**Exercise**
Print the data that follows exactly as it stands, from its first line through the line containing "MuchoWow Fototapete Freiheitsstatue", and stop there.
═══ Records for this task
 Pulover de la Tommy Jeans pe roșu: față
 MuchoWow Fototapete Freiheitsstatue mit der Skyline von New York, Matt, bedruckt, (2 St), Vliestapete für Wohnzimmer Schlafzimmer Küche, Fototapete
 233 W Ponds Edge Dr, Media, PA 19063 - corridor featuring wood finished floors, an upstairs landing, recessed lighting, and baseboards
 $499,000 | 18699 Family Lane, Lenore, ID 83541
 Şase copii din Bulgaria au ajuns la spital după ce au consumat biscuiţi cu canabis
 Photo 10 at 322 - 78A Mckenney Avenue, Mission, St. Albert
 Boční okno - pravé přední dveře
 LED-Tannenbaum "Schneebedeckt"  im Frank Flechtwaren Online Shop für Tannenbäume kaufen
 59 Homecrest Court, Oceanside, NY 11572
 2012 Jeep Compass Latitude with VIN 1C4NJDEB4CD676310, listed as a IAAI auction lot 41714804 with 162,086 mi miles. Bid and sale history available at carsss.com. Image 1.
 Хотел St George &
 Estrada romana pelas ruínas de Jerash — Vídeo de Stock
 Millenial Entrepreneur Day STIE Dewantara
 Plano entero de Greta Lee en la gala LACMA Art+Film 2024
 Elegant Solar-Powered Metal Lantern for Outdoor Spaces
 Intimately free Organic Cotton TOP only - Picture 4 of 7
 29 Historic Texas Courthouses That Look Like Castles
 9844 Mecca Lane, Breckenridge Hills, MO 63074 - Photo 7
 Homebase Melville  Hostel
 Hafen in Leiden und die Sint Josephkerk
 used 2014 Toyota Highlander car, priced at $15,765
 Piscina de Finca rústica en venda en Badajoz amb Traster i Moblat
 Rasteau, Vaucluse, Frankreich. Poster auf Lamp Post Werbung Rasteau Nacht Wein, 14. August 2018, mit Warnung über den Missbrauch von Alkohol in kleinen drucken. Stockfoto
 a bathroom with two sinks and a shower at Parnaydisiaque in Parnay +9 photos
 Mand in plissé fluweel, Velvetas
══════
**Result below**
 Pulover de la Tommy Jeans pe roșu: față
 MuchoWow Fototapete Freiheitsstatue mit der Skyline von New York, Matt, bedruckt, (2 St), Vliestapete für Wohnzimmer Schlafzimmer Küche, Fototapete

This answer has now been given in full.